Stores ask this because they want to collect the interest on your store credit balance. Store credit seems fairly benign at first. It’s only one store and the credit limits are usually small. Seems harmless right?

Paying only the minimum on these cards is the same thing as paying the minimum on traditional credit cards. The only difference is it’s called “store credit.”

Store credit cards are especially harmful when people start to open up cards at multiple stores. This just complies the debt and makes it easier to spend more at these stores. Which happens all the time.

I like to keep personal finance simple. Having multiple store credit cards is not simple. It’s easy to lose track of all the cards and to miss payments. Imagine having 15 store credit cards in your wallet and trying to track how much you owe on each card. All in the name of “saving” ten percent on a $60 purchase. No thank you.

If you carry a balance on one or more store credit cards, pay them off now. Then get rid of them.

 


Personal Loans

It’s easy to get a personal loan. Many companies offer them in an effort to consolidate debt. Promises of low interest rates and longer terms are appealing.

While it may be prudent to consolidate debt into one personal loan, you still want to pay these loans off as quickly as possible. The simple act of consolidating debt into one personal loan doesn’t all of a sudden make it a good debt.

Just because a personal loan is better than multiple high interest rate credit cards doesn’t transform it to good debt. It’s just less bad. Pay it off and don’t re-borrow on the loan.

 

The Hidden Bad Debt Nobody Talks About: Money Owed to Friends or Family

I rarely hear anyone talk about this debt. Money that you owe friends or family. While your friends and family may have been generous to give you a low or no interest loan, this is not good debt.

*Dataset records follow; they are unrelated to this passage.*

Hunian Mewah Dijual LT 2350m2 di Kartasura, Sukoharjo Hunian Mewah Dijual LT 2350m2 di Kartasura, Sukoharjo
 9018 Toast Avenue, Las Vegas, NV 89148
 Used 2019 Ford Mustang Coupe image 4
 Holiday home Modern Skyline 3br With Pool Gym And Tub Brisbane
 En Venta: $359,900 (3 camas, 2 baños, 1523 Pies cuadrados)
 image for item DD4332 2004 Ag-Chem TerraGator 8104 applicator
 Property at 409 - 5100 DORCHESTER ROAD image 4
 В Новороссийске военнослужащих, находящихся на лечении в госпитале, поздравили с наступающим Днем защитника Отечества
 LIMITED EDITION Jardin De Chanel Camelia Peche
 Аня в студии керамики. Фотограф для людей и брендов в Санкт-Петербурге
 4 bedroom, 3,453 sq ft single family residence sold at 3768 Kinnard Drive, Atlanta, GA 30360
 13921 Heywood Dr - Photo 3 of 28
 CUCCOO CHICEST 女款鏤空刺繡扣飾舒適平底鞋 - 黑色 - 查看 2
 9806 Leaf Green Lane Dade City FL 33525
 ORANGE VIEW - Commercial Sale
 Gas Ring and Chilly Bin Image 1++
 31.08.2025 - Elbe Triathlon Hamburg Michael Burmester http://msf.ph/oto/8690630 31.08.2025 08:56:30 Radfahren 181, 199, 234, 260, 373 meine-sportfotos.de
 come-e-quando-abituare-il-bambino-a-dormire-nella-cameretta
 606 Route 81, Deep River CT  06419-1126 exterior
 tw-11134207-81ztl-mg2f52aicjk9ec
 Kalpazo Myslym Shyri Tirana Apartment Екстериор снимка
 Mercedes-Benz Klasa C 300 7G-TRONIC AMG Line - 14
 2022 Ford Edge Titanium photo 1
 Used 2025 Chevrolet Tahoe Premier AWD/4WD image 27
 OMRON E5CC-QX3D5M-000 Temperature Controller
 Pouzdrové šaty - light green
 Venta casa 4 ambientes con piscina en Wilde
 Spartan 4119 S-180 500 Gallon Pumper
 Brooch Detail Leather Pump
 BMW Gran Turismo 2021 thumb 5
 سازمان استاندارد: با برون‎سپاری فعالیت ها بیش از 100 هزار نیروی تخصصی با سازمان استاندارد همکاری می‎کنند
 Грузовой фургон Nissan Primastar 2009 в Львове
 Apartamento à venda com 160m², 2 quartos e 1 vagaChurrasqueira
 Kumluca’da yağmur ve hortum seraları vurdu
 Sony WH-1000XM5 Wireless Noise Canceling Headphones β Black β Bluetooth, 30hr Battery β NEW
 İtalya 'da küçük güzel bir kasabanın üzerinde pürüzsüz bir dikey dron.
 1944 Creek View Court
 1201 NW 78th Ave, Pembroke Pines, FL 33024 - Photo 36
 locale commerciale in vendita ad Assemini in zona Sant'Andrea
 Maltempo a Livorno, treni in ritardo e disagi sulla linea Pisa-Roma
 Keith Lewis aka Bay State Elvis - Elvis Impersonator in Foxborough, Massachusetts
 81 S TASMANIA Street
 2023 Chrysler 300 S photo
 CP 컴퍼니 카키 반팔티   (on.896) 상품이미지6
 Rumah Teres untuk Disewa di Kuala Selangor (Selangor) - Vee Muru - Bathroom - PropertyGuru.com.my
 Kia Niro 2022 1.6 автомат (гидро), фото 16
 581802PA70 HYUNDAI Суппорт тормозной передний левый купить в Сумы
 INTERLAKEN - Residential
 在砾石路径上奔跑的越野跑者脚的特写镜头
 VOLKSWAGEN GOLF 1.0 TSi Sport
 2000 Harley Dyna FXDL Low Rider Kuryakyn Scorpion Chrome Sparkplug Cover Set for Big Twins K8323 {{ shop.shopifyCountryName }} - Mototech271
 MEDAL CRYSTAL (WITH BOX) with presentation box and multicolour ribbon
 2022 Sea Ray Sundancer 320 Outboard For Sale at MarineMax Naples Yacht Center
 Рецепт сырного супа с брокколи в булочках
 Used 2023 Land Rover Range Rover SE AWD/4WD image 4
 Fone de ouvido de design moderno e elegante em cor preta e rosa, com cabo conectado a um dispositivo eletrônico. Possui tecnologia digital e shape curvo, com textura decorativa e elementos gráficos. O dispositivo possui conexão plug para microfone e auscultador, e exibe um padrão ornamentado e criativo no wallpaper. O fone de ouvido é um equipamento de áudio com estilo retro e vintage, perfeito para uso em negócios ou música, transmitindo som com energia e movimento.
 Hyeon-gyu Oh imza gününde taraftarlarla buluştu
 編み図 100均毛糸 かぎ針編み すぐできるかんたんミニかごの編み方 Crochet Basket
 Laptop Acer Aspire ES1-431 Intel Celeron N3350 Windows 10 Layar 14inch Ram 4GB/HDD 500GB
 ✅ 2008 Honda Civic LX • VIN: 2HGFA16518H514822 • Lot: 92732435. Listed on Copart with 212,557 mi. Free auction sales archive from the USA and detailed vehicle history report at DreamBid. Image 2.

Owing other people money is not good for the relationship. At best, it creates an imbalance of power because one person owes the other. At worst, it creates negative feelings, arguments, and a potential falling-out.

Imagine a scenario in which a parent lends her child $10,000. The agreement is that the child will pay back $300 every month until the money is paid back. The parent is generous enough to charge no interest on this loan.

Everything goes well the first year. Payments are made in full, and on time. Then, the parent learns that her child spent his entire $4,200 tax refund on a trip to Hawaii. The parent understands the agreement was to pay $300 per month, but is feeling a little irritated with her kid.

She feels taken advantage of because she gave him an interest free loan while he takes a trip the next year. The kid is oblivious to all this and takes the vacation.

Money owed to friends and family is not good debt. If you owe someone money, pay it off as quickly as possible.

What’s the worst debt you’ve ever had?